Niet voldoen aan vereiste van schriftelijk vastlegging bij verkoop woning leidt -behoudens uitzonderlijke omstandigheden- tot nietigheid van de koop.

Uitspraak

Arrest d.d. 19 maart 2008

Rolnummer 0800063

HET GERECHTSHOF TE LEEUWARDEN

Arrest van de eerste kamer voor burgerlijke zaken in de zaak van:

1. [appellant 1],

wonende te [woonplaats],

2. [appellante 2],

wonende te [woonplaats],

appellanten in het principaal en geïntimeerden in het incidenteel appel,

in eerste aanleg: eisers,

hierna gezamenlijk te noemen: [appellanten ],

procureur: mr. J.B. Dijkema,

tegen

[geïntimeerde],

wonende te [woonplaats],

geïntimeerde in het principaal en appellant in het incidenteel appel,

in eerste aanleg: gedaagde,

hierna te noemen: [geïntimeerde],

procureur: mr. J.V. van Ophem.

Het geding in eerste instantie

In eerste aanleg is geprocedeerd en beslist zoals weergegeven in het kort geding vonnis uitgesproken op 12 december 2007 door de voorzieningenrechter van de rechtbank Leeuwarden.

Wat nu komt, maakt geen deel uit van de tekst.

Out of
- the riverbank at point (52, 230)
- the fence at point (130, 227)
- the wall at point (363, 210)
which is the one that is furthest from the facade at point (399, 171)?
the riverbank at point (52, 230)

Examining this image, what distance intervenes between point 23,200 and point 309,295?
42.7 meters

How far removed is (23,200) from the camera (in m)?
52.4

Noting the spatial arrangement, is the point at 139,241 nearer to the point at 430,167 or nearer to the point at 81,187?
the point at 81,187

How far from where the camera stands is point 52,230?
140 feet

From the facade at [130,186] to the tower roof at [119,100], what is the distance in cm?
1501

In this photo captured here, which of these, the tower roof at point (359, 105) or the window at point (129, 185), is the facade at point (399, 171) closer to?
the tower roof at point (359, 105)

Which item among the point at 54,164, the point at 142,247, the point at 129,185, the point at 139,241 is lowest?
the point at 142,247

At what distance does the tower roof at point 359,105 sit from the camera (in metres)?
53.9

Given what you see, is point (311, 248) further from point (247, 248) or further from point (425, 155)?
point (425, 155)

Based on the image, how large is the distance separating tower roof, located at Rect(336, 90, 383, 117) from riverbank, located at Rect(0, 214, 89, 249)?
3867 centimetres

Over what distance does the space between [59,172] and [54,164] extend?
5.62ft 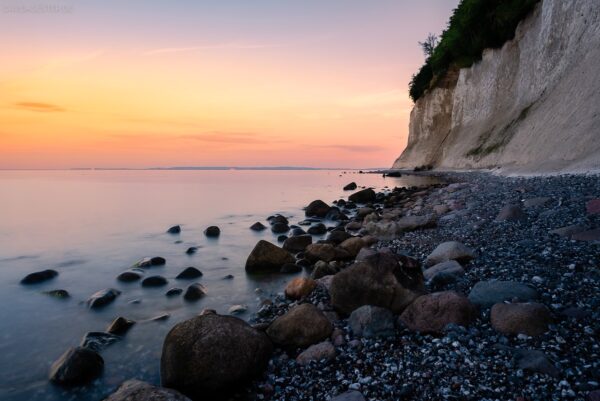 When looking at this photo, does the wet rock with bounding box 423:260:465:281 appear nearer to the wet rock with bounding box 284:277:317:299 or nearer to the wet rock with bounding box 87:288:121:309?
the wet rock with bounding box 284:277:317:299

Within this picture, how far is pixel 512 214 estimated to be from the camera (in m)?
Answer: 8.45

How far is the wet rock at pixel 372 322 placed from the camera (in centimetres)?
446

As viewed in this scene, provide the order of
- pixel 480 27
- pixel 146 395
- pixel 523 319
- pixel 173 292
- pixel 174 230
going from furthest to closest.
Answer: pixel 480 27
pixel 174 230
pixel 173 292
pixel 523 319
pixel 146 395

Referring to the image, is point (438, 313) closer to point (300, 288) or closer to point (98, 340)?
point (300, 288)

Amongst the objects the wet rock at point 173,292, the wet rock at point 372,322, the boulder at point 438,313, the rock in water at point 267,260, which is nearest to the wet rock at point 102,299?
the wet rock at point 173,292

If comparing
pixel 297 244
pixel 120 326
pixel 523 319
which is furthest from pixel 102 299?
pixel 523 319

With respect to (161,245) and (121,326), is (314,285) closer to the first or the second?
(121,326)

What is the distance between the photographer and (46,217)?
2120cm

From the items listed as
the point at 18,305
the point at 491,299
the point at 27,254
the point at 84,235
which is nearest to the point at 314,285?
the point at 491,299

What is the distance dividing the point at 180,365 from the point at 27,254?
37.9 ft

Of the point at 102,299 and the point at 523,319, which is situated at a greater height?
the point at 523,319

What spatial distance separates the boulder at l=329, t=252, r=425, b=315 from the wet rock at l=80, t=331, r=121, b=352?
343 cm

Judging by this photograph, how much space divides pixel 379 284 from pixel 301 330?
1.30m

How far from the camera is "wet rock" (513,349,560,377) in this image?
319cm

Het geding in hoger beroep

Bij exploot van 4 januari 2008 is door [appellanten ] hoger beroep ingesteld van genoemd vonnis met dagvaarding van [geïntimeerde] tegen de zitting van 23 januari 2008.

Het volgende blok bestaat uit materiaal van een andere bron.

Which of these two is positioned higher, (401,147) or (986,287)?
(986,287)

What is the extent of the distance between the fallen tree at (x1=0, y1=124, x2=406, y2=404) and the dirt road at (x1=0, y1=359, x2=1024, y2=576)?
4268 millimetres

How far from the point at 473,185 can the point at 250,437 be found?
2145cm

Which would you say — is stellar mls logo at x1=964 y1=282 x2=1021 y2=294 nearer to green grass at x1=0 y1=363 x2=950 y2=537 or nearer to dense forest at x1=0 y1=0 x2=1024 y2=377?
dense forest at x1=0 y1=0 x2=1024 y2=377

De conclusie van de dagvaarding, tevens houdende memorie van grieven, in hoger beroep luidt:

"Het eindvonnis van 12 december 2007 van de rechtbank Leeuwarden te vernietigen, en opnieuw rechtdoende de vorderingen van [appellanten ] toe te wijzen, met veroordeling van [geïntimeerde] in de kosten van beide instanties."

Bij de appeldagvaarding zijn producties overgelegd.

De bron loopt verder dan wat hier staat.